4 Reasons Why BA’s Should Embrace Use Cases and Tips For Creating Quality Use Cases

Long ago, in a time before I was born (1986), the software prophet, Ivar Jacobsen, delivered unto us the mighty and all powerful use case. Since its inception, it has been more clearly defined and enhanced. Most all IT professionals, who in some way define requirements, know of this wonderous concept, yet, so few actually take the time to use it.

Why...

Well like I said, I was born after 1986, meaning I haven't been a professional long enough to know why something so awesome and older than me is so under utilized, however, I can give you a few good reasons why you should use them.

4 Reason You Should Start Using Use Cases... Today

Writing Use Cases

Use cases give us a semi-formal framework to structure user stories

The standard is formal enough that it requires a certain level of quality, which your basic text requirements just don't do.
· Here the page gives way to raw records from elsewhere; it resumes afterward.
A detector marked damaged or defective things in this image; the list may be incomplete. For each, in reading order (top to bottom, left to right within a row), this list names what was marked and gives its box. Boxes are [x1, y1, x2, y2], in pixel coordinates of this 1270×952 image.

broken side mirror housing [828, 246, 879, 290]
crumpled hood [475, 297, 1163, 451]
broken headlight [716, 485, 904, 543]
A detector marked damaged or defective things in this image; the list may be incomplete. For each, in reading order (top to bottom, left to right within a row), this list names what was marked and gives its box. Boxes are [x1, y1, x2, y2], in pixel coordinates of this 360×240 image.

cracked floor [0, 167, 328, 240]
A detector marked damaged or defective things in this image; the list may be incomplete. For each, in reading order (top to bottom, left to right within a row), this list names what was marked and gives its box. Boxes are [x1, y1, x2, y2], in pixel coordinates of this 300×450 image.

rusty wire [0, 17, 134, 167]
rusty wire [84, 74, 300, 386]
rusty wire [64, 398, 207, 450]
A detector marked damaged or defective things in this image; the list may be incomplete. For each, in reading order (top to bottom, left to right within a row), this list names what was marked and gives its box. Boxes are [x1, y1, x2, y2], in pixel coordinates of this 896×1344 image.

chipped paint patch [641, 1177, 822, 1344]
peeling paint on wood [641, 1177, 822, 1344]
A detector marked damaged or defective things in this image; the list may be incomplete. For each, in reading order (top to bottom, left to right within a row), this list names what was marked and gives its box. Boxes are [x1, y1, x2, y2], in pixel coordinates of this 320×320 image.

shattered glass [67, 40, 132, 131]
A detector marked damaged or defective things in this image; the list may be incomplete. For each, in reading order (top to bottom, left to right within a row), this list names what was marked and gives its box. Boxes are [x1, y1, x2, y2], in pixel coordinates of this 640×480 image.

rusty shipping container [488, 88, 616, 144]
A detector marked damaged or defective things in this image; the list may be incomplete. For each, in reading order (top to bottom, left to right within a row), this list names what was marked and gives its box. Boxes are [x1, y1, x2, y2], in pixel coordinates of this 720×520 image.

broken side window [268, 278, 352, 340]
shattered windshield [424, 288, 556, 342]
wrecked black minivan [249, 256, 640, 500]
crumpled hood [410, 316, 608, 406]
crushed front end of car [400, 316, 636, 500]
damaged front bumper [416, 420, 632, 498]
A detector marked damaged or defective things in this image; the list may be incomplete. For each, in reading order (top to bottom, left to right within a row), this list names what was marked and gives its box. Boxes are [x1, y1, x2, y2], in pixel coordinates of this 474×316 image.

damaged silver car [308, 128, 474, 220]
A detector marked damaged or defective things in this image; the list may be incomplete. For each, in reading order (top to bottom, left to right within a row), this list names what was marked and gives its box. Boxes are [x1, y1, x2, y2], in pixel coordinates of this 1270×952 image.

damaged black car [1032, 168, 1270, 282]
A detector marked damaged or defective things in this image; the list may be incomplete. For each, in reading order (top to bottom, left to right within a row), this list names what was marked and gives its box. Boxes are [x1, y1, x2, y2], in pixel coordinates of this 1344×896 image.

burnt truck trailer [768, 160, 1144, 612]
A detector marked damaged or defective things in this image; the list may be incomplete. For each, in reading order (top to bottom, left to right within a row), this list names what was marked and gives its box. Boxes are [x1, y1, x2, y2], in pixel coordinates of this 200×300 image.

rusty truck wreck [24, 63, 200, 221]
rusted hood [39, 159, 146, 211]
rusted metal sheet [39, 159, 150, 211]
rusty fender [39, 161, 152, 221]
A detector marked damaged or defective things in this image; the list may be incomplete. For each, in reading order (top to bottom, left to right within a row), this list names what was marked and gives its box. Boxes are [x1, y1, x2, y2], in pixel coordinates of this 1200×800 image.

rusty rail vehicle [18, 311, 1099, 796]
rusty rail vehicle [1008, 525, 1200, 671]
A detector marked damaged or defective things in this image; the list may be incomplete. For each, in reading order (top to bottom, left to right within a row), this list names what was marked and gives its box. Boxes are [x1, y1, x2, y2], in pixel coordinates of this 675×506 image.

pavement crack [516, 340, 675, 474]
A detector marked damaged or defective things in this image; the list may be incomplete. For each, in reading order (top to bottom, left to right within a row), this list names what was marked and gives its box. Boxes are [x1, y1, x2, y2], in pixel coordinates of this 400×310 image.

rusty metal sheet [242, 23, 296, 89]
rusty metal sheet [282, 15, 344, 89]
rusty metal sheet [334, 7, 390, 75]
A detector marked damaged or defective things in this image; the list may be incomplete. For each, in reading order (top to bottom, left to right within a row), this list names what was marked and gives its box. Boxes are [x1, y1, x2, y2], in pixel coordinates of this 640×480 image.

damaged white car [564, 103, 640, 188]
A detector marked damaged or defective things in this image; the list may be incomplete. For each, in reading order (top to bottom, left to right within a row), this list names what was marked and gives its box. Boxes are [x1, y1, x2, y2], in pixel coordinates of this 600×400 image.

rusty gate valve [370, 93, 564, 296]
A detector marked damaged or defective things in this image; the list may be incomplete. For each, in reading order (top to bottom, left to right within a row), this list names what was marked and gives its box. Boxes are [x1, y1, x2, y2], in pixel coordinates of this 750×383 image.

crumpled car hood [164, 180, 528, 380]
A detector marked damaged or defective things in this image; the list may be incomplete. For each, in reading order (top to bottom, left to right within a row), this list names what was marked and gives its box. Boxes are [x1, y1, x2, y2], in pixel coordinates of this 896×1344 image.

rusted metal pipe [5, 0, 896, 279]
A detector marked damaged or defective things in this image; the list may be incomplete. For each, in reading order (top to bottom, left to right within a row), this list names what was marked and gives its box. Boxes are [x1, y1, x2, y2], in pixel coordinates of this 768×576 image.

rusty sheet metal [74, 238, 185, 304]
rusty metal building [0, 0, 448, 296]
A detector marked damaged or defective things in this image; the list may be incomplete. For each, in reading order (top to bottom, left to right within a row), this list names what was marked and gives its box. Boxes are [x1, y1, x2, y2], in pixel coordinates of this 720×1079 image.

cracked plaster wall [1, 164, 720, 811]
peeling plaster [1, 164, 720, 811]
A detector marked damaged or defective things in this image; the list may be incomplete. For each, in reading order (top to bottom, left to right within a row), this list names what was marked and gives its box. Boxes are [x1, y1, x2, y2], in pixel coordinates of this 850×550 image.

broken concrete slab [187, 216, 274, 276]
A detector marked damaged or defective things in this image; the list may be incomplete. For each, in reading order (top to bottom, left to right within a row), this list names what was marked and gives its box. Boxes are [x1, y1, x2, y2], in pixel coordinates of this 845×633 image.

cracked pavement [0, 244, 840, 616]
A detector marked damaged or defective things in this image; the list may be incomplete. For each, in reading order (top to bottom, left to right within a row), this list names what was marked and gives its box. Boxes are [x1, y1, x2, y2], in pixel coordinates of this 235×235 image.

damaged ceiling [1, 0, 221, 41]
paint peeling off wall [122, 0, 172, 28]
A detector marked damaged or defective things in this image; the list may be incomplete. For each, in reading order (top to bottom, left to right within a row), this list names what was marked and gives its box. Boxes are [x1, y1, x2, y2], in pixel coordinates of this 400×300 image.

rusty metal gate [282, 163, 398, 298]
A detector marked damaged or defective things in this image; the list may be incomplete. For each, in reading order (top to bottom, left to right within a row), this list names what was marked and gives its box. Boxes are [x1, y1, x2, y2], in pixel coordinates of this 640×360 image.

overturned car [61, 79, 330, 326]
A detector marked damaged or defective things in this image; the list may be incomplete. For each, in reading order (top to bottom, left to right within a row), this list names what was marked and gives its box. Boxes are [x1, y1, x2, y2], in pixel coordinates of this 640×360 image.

Even a new BA with little instruction will produce quality use cases if that how there directed to document.

Use case make it easy for untrained users to understand requirements

You don't have to be educated in any standards to quickly understand what a uses cases is trying to tell you.

Uses cases define system requirements for the error situations.

It's easy to remember what you want the system to do given all things are perfect, but we often forget to build our requirements for the imperfections of life. Use cases make it easy to define what should happen when things go wrong.

Use cases mesh well with object-oriented software development

Uses cases are basically units of functionality, which translate well into functions and objects.

Quick tips for Writing High Quality Use Cases

  1. Use case name should be a clear verb+object statement (example: submit timesheet, place order, apply for a job), that completes a single goal.
  2. A use case should represent a complete goal or "user valued transaction" with the post condition being the accomplishment of that goal
  3. Interface details should not be included (mouse clicks, list boxes, window design). This will reduce having to rework use cases in the design and development phases.
  4. Sentence fragments should be avoided when defining the steps. You should have a Subject+Verb+Object

Use cases are meant to capture what a system must to (functional requirements). Performance requirements, complex business rules, data structures, and product line descriptions should be captured using text, document, or other appropriate artifact types.